Java also offers some security advantages, because it inherently
protects against common programming errors that can lead to security
problems. Java automatically provides for array bounds checking,
and doesn't allow arithmetic operations on pointers (references).
This helps prevent the type of programming errors that lead to buffer
overrun related exploitations. Java also will be free from the concerns
of CGI scripts implemented in shell scripting languages, which suffer
from vulnerabilities due to shell meta-characters being passed as
part of the HTTP request.
Listing 1 shows an example of a Java servlet. When this code is
compiled into a Java class file, it can be deployed to a servlet
container and run. I'll show how to do that later. Over the
years, I have found myself repeatedly creating Web-based interfaces
to common systems administration tasks, such as monitoring disk
usage, managing services like lpd and network license managers,
and even DNS. Typically, I would have static HTML pages with a bunch
of links to CGI scripts that performed these tasks, and formatted
the results using HTML. In Listing 1, I am providing an example
of performing one such task using a servlet instead. This particular
servlet runs the Linux df command and formats the output
with HTML for presentation to the browser. Part of that reformatting
will cause file systems that have exceeded a defined threshold (percentage
used) to be highlighted in red; others will be highlighted in green.

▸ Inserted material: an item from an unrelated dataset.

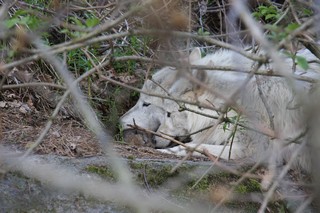 juillet 2012 chicou canada (2)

(All listings for this article are available from the Sys Admin
Web site: http://www.sysadminmag.com.)
Java Server Pages
Java Server Pages, or JSP "scripts", allow you to place
small blocks of Java code right into your formerly static HTML pages.
This makes JSP very similar to environments like PHP or ASP --
with the primary advantages being the portability of Java and the
robust API described in the JSP specification. In fact, JSP has
all the capabilities of Java servlets, but can be more convenient
to write for pages with small amounts of program code and large
amounts of static HTML. JSP scripts are actually converted automatically
into servlets by Tomcat when they are first referenced, and compiled
and instantiated in the servlet container.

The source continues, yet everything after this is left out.